The disclosed technology can be implemented in a computing system (e.g., a visibility determination computing system) that is configured to access data and/or perform operations on the data. For example, the operations performed by the computing system can comprise receiving map data comprising three-dimensional models of structures in a physical environment, determining portions of the three-dimensional models of structures that are visible from each map projection cell of a plurality of map projection cells that correspond to locations in the physical environment, generating visibility data comprising visibility cells associated with the map projection cells, receiving view data comprising information associated with a visual representation of the physical environment from a location in the physical environment, determining the map projection cell and visibility cell that are associated with the location in the physical environment, determining points of interest associated with the visibility cell, and/or generating annotations based on the points of interest that are visible from the map projection cell associated with the location. Further, the computing system can leverage one or more machine-learned models that have been configured and/or trained to process input comprising map data, view data, and/or point of interest data and generate annotations based on the input.

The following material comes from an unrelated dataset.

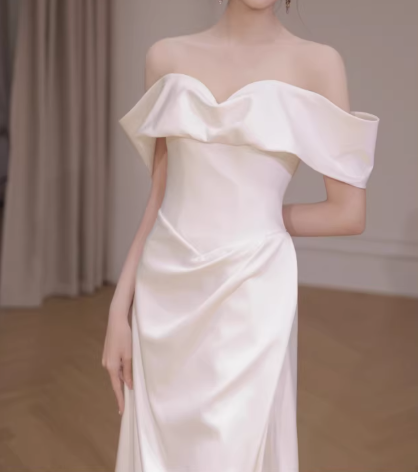 Vintage Off-Shoulder Ivory Satin Ruffled Neckline Sheath Wedding Dress TP5588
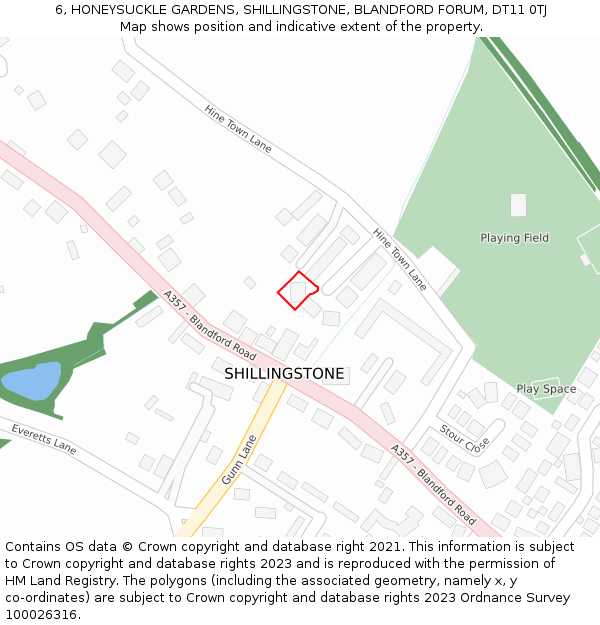 6, HONEYSUCKLE GARDENS, SHILLINGSTONE, BLANDFORD FORUM, DT11 0TJ: Location map and indicative extent of plot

The computing system can be included as part of a system that includes a server computing device that receives data (e.g., map data) from a user’s client computing device, performs operations based on the data and sends output comprising annotation data back to the client computing device. In some embodiments, the computing system can include specialized hardware and/or software that enables the performance of operations specific to the disclosed technology. For example, the computing system can include one or more application specific integrated circuits and/or neural processing units that are configured to perform operations associated with receiving map data comprising three-dimensional models of structures in a physical environment, determining portions of the three-dimensional models of structures that are visible from each map projection cell of a plurality of map projection cells that correspond to locations in the physical environment, generating visibility data comprising visibility cells associated with the map projection cells, receiving view data comprising information associated with a visual representation of the physical environment that is visible from a location in the physical environment, determining the map projection cell and visibility cell that are associated with the location in the physical environment, determining points of interest associated with the visibility cell, and/or generating annotations based on the points of interest that are visible from the map projection cell associated with the location.
A computing system can receive, obtain, and/or retrieve map data. The map data can comprise a plurality of three-dimensional models of structures in a physical environment. The plurality of three-dimensional models of structures in a physical environment can comprise three-dimensional models that are associated with other three-dimensional models. For example, a three-dimensional model of a city can comprise three-dimensional models of various structures within the three-dimensional model of the city. Further, one or more portions of the plurality of three-dimensional models can be partly or wholly connected to other three-dimensional models (e.g., a three-dimensional model of a building that is partly connected to another three-dimensional model of a building), within other three-dimensional models, or separate from other three-dimensional models.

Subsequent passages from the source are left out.